The Staging Dichotomy: Part Two
A two-part series on how eBay turned around an impeding staging environment into its biggest asset for developer productivity.
This is the final installment of our two-part series on how eBay turned around an impeding staging environment into its biggest asset for developer productivity.
In our first article, we explored if staging should exist, and explained why we decided to pursue staging. We also outlined our problem statements and discussed how we addressed the first problem, which is data. In our final article, we’ll share the rest of our journey, starting with the infra instability problem.
Unlike the data track, the infrastructure track was more objective. Primarily, because the needs were apparent, it was about two things — reliability and predictable performance. Stability was the key here. The staging infra should always be available, but more than that, it has to be consistently performant. We were determined to avoid scenarios where one part (a zone or a shard or a stack) of the environment is fast, and the other is unpredictable. We also did not want variances in how each application performed. The goal was to have a setup in which every application scaled based on its usage and guaranteed consistent performance numbers. We did a couple of things to achieve that.

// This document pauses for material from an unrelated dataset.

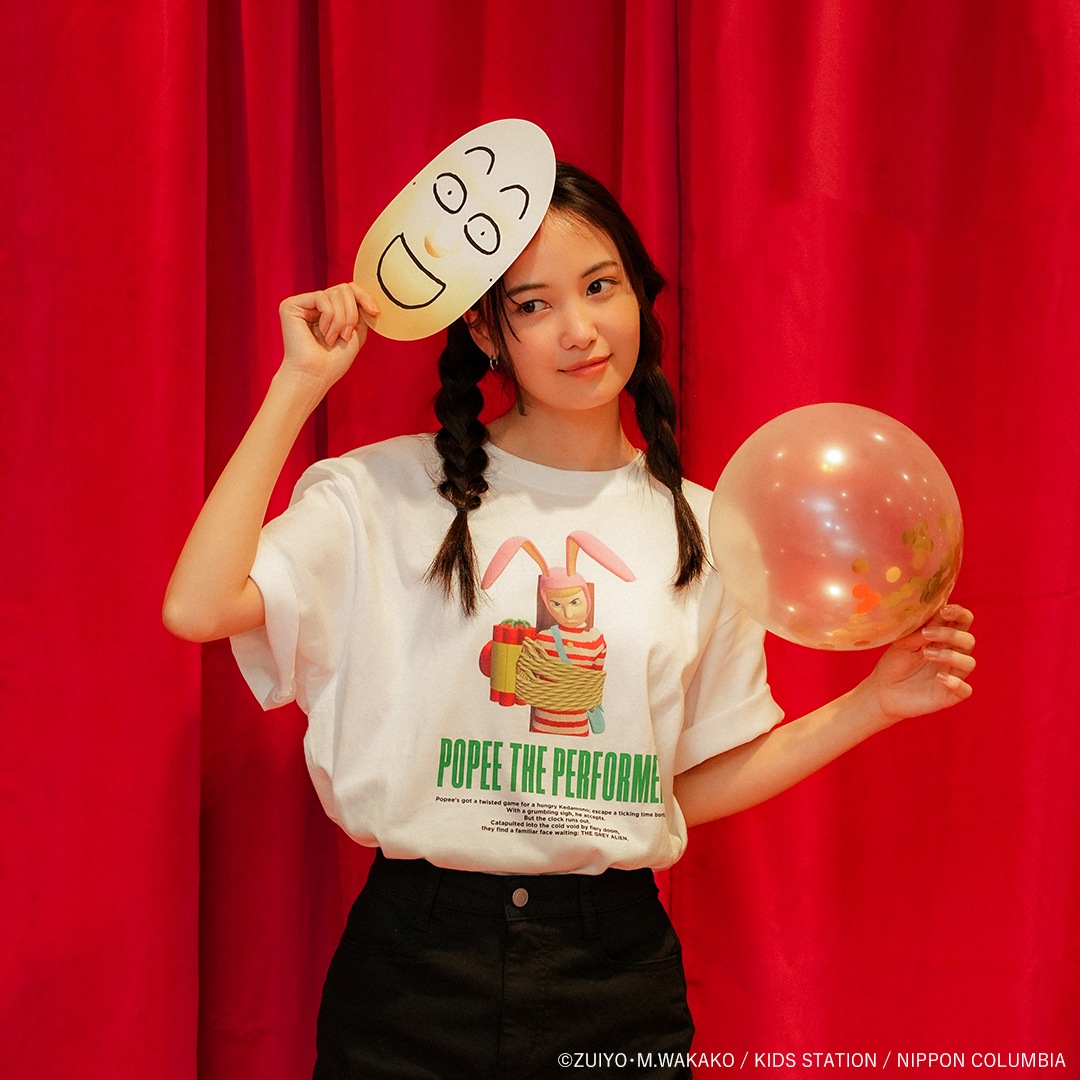 ポピーザぱフォーマー ESCAPE SHOW Tシャツ | 特集から探す,ポピーザぱ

A complete, staging hardware refresh was long overdue, and this was a perfect opportunity.
To begin with, we scaled up the staging load balancers with new ones for optimal performance under varied loads. The existing load balancers were also decluttered by deleting unused objects, resulting in evenly distributed traffic rather than skewing a particular one. All firewalls associated with the staging access path were reconfigured or removed in some instances to enable the quickest network routing. These misconfigurations were earlier identified as choking points for staging traffic and the cause for intermittent network issues.
Following the load balancer upgrades, we added a brand new cluster of worker machines to support the organic growth of staging compute and provisioning needs. The cluster was part of a new Availability Zone (AZ) in our data centers. This AZ brings in the capability of scaling staging across multi-AZs/clusters, thus enabling better disaster recovery (DR) mimicking a typical production setup. All staging VM computes were flexed up to have minimum defaults to guarantee predictable performance. We also implemented auto flex up, which can add further computes based on application usage and traffic pattern.
Database hardware was among the most outdated in staging. Our data infra team did a phenomenal job migrating all DB hardware to the latest specs, similar to production. The databases included Oracle, MySQL and the entire portfolio of NoSQL databases. We immediately observed a notable difference in staging availability. In addition, a dedicated secure zone was set up for all PCI related DBs. The objective here was to keep it as close to production as possible.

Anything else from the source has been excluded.